Activity:
Set the records down again exactly, apart from any pictures in them.

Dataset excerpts

◇ ◇ ◇

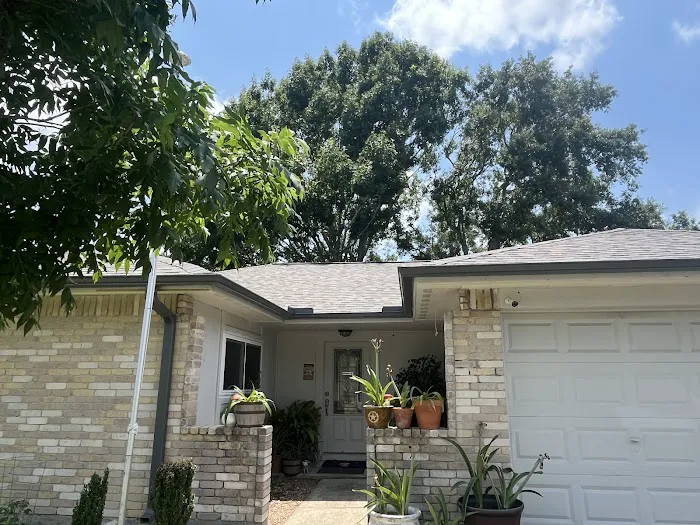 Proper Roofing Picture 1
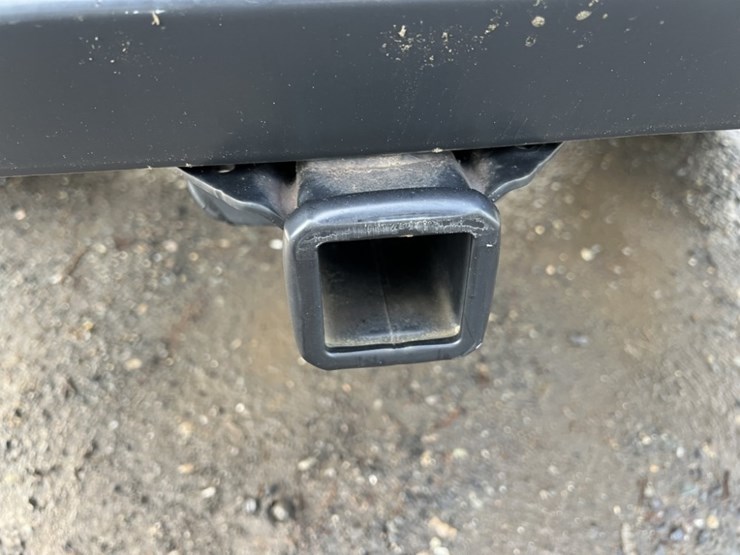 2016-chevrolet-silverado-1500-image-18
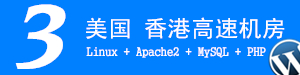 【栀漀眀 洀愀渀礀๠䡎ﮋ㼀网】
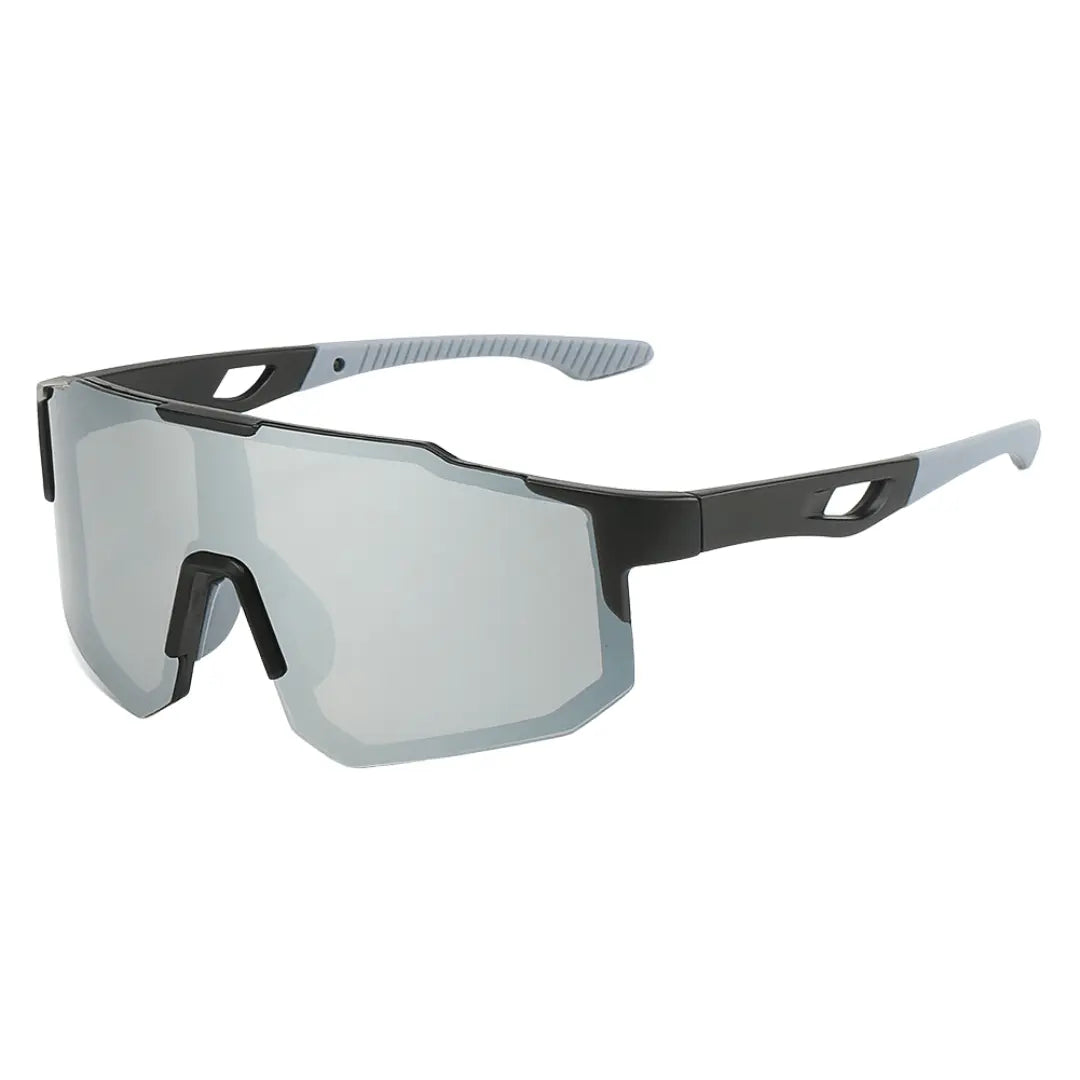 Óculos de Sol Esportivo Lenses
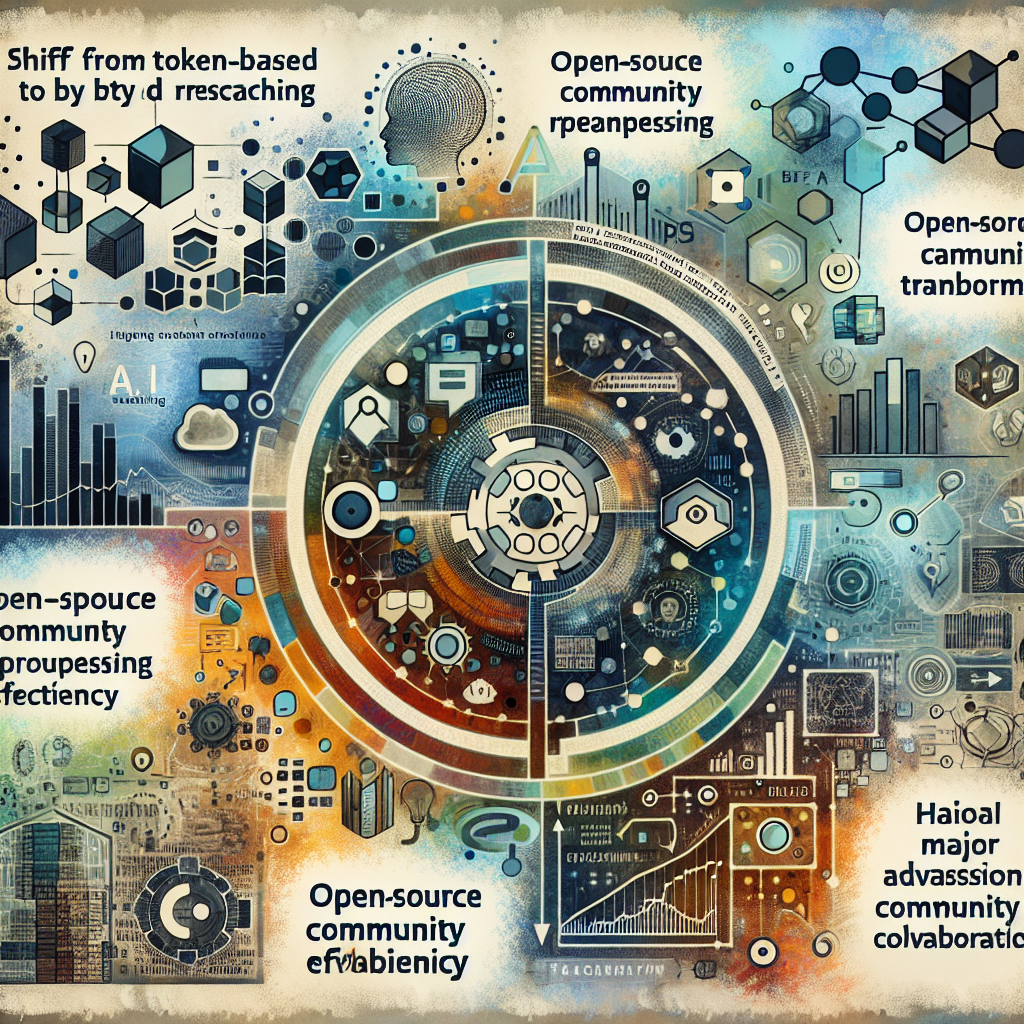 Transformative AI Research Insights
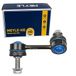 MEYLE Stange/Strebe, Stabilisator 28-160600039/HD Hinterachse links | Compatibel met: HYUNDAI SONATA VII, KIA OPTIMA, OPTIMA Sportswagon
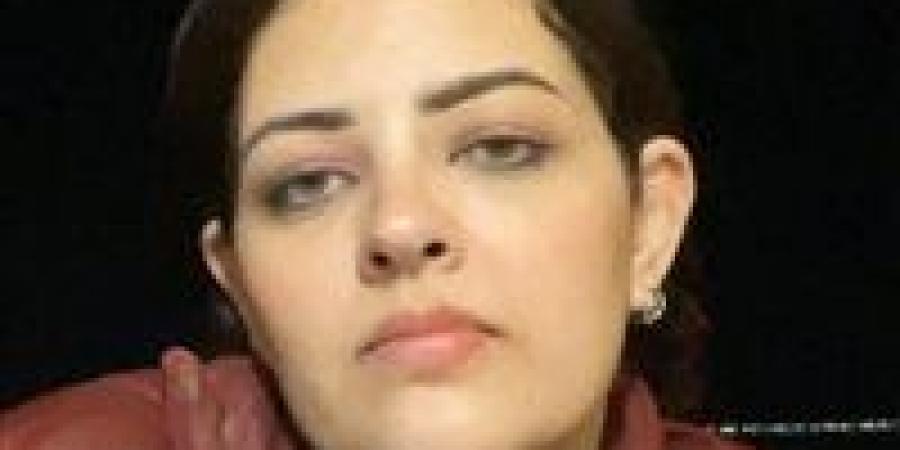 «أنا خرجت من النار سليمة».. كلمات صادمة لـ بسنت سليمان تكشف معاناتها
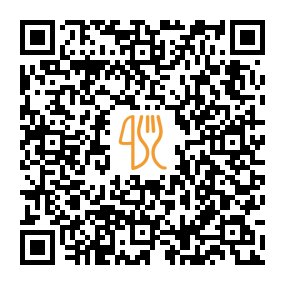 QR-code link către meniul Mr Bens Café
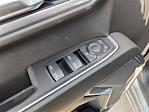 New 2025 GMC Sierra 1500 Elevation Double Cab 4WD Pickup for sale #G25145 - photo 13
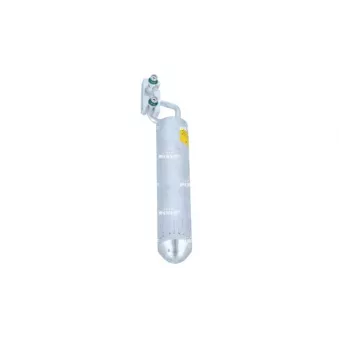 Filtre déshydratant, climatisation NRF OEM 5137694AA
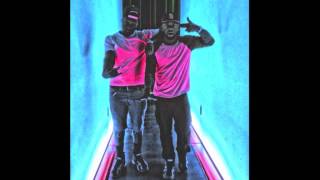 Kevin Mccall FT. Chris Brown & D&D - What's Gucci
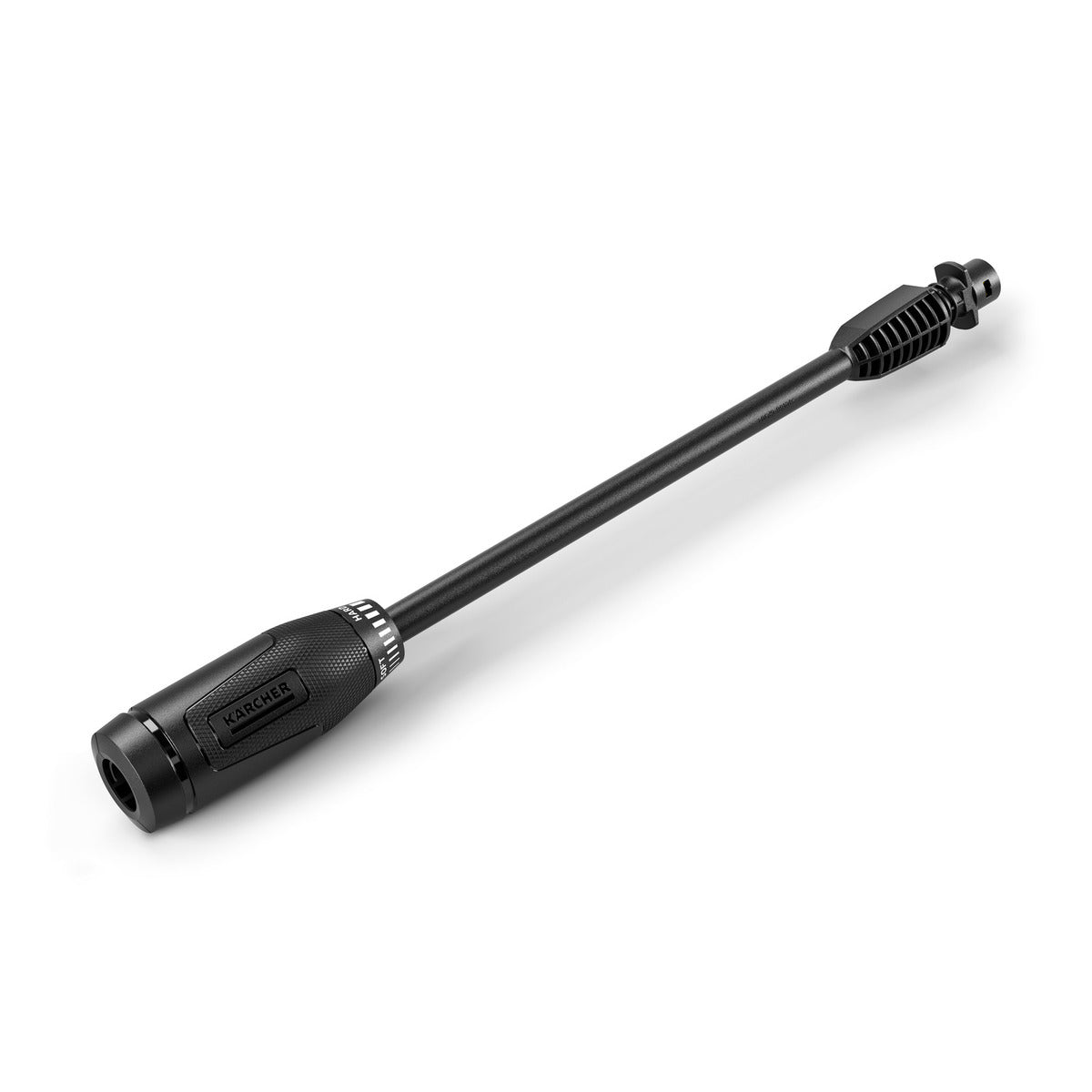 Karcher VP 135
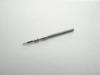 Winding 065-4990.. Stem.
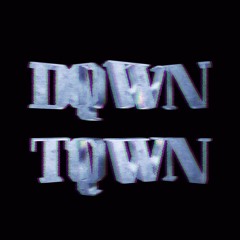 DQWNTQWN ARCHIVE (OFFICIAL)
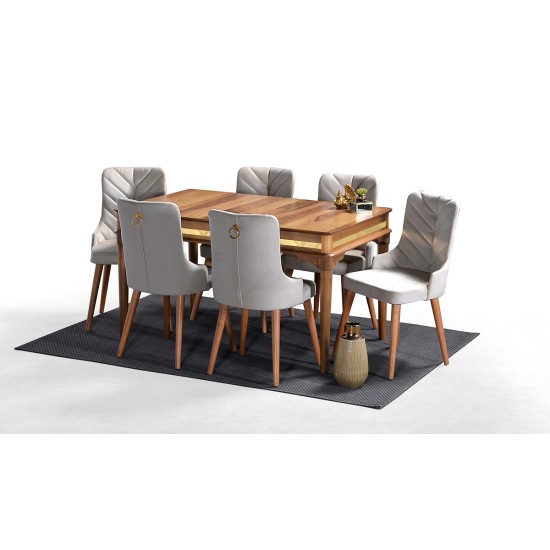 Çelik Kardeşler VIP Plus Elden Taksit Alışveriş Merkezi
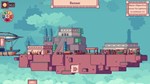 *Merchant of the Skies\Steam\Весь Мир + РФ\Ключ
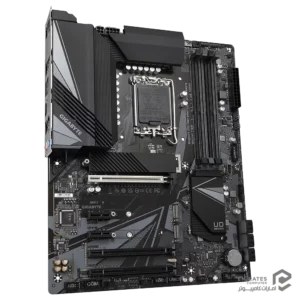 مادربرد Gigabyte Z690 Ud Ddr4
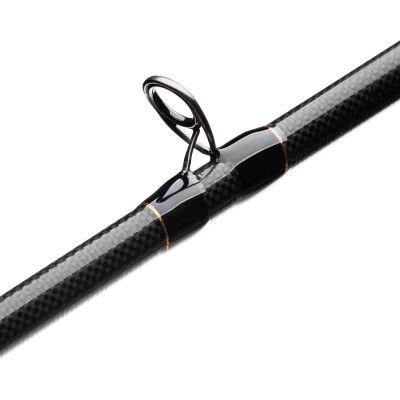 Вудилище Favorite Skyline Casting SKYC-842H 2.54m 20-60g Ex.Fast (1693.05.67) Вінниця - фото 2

◇ ◇ ◇

Task answer:
 Proper Roofing Picture 1
 2016-chevrolet-silverado-1500-image-18
 【栀漀眀 洀愀渀礀๠䡎ﮋ㼀网】
 Óculos de Sol Esportivo Lenses
 Transformative AI Research Insights
 MEYLE Stange/Strebe, Stabilisator 28-160600039/HD Hinterachse links | Compatibel met: HYUNDAI SONATA VII, KIA OPTIMA, OPTIMA Sportswagon
 «أنا خرجت من النار سليمة».. كلمات صادمة لـ بسنت سليمان تكشف معاناتها
 QR-code link către meniul Mr Bens Café
 New 2025 GMC Sierra 1500 Elevation Double Cab 4WD Pickup for sale #G25145 - photo 13
 Filtre déshydratant, climatisation NRF OEM 5137694AA
 Kevin Mccall FT. Chris Brown & D&D - What's Gucci
 Karcher VP 135
 Winding 065-4990.. Stem.
 DQWNTQWN ARCHIVE (OFFICIAL)
 Çelik Kardeşler VIP Plus Elden Taksit Alışveriş Merkezi
 *Merchant of the Skies\Steam\Весь Мир + РФ\Ключ
 مادربرد Gigabyte Z690 Ud Ddr4
 Вудилище Favorite Skyline Casting SKYC-842H 2.54m 20-60g Ex.Fast (1693.05.67) Вінниця - фото 2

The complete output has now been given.